▸ PROVIDED DATA
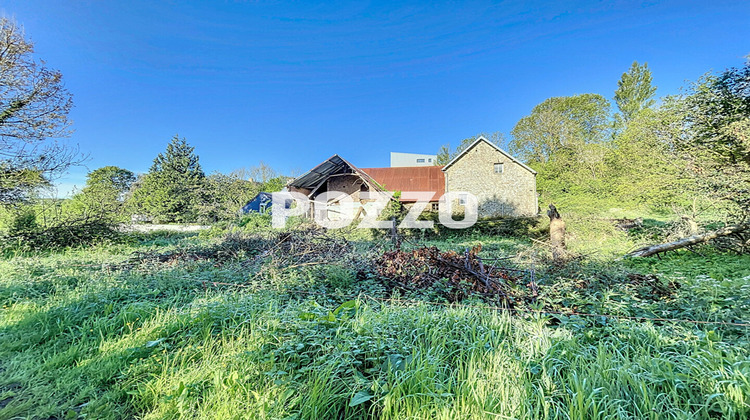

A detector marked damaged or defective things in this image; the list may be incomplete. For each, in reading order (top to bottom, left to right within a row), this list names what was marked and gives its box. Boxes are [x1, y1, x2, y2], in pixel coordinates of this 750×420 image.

red rusted metal roof [360, 166, 444, 202]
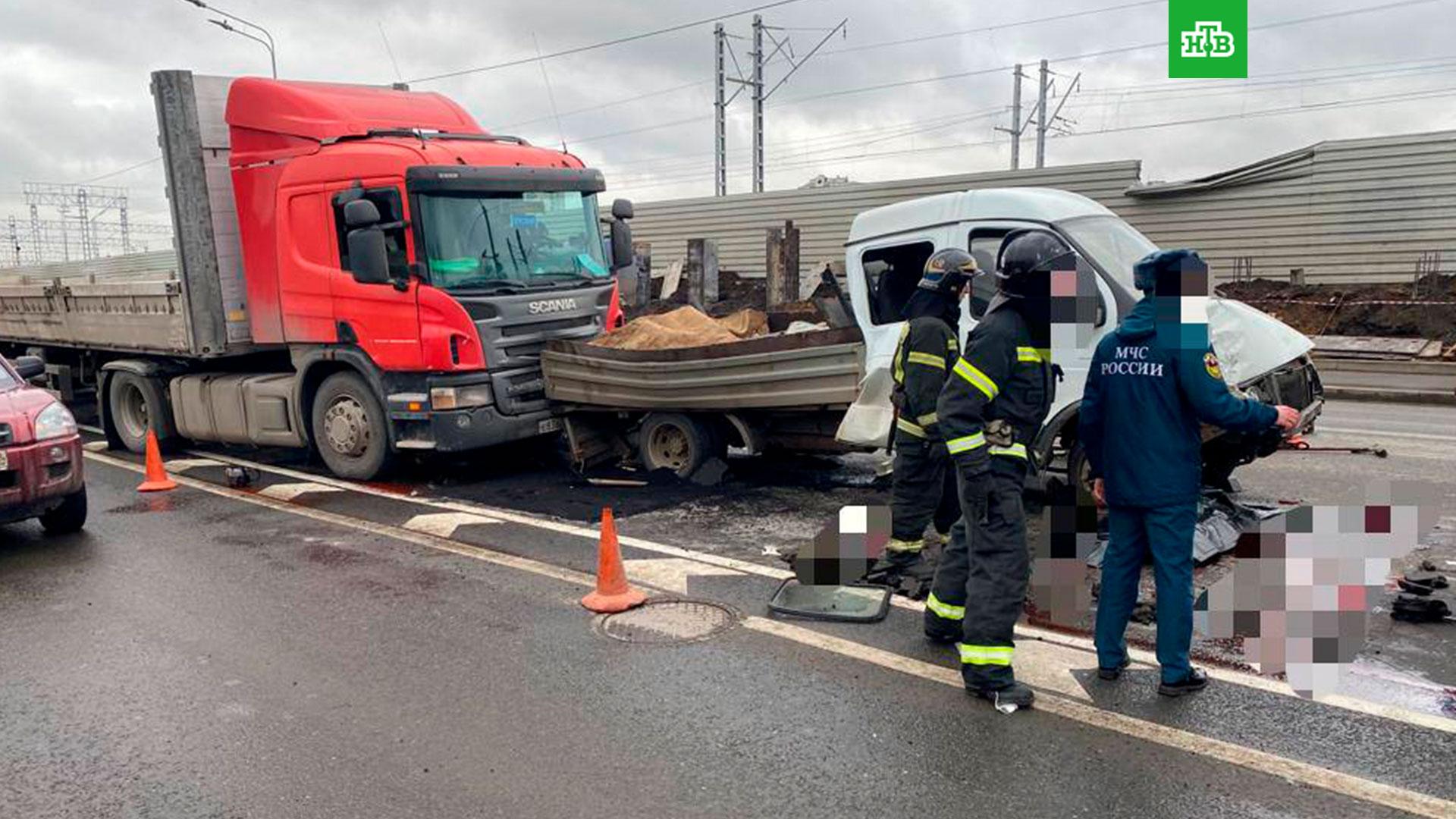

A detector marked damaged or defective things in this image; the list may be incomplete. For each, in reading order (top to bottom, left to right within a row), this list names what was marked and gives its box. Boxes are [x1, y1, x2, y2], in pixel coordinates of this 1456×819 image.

crumpled metal hood [1205, 296, 1310, 384]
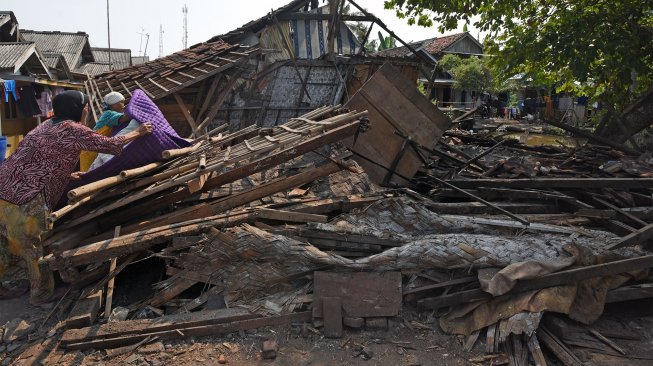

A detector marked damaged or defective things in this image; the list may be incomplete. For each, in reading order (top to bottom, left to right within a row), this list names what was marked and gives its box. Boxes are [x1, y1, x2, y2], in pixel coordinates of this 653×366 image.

damaged roof [372, 31, 478, 59]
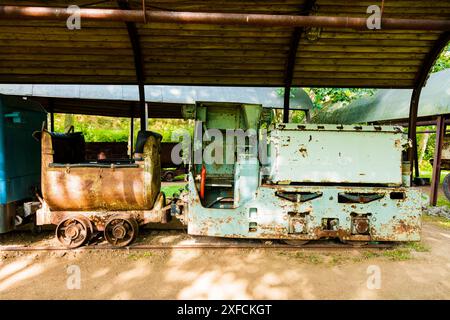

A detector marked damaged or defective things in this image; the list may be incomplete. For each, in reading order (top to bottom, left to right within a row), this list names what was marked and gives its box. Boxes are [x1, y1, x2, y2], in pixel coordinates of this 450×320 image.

rusted metal body [0, 6, 450, 30]
rusted metal body [37, 129, 169, 236]
rusty mine locomotive [0, 96, 422, 249]
rusted metal body [177, 103, 422, 242]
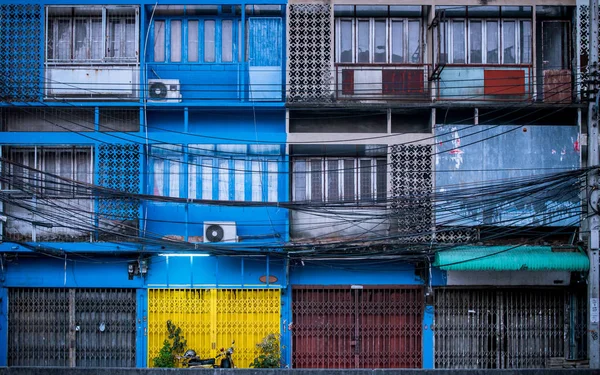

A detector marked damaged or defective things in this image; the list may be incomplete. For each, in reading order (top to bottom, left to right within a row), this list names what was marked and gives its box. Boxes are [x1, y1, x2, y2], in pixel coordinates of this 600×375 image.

rusty metal panel [482, 69, 524, 96]
rusty metal panel [544, 70, 572, 103]
rusty metal panel [8, 290, 136, 368]
rusty metal panel [290, 286, 422, 368]
rusty metal panel [434, 290, 588, 368]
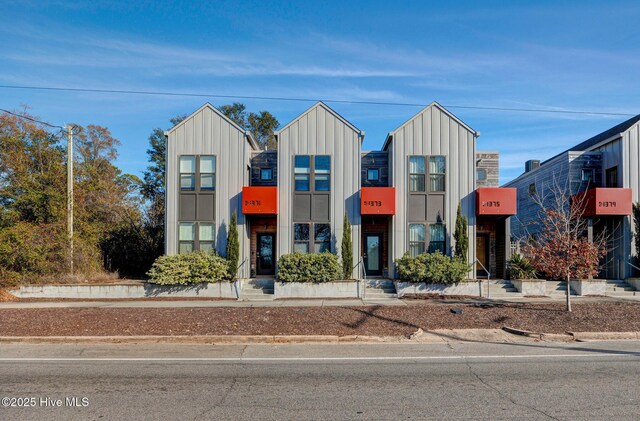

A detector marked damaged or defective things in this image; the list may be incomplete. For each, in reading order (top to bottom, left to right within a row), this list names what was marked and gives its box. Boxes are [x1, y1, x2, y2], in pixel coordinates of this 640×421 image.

▸ EXERCISE DIRECTIONS
Beginning at the line that contains "this 1456×819 image.", retype each line of the data above through the very last one. Do not retype the pictures.

▸ RESPONSE TO THE TASK
A detector marked damaged or defective things in this image; the list may be incomplete. For each, in reading order (top to bottom, left to right within a row), this list names what was marked and gives its box. Boxes are [x1, y1, x2, y2], in pixel coordinates of this 1456×819 image.

crumpled metal hood [1205, 296, 1310, 384]

A detector marked damaged or defective things in this image; the list may be incomplete. For each, in reading order (top to bottom, left to right within a row), this list names what was marked and gives its box. Boxes are [x1, y1, x2, y2], in pixel coordinates of this 653×366 image.

damaged roof [372, 31, 478, 59]

A detector marked damaged or defective things in this image; the list may be incomplete. For each, in reading order (top to bottom, left to right within a row), this list names what was marked and gives its box. Boxes are [x1, y1, x2, y2], in pixel coordinates of this 450×320 image.

rusted metal body [0, 6, 450, 30]
rusted metal body [37, 129, 169, 236]
rusty mine locomotive [0, 96, 422, 249]
rusted metal body [177, 103, 422, 242]

A detector marked damaged or defective things in this image; the list may be incomplete. For each, in reading order (top to bottom, left to right within a row), this list names what was marked and gives its box. Boxes are [x1, y1, x2, y2], in pixel coordinates of this 600×375 image.

rusty metal panel [482, 69, 524, 96]
rusty metal panel [544, 70, 572, 103]
rusty metal panel [8, 290, 136, 368]
rusty metal panel [290, 286, 422, 368]
rusty metal panel [434, 290, 588, 368]

A detector marked damaged or defective things in this image; the list may be incomplete. For each, in reading order (top to bottom, left to right within a row), this list names what was marked and gives its box. Boxes are [x1, y1, x2, y2], in pixel coordinates of this 640×421 image.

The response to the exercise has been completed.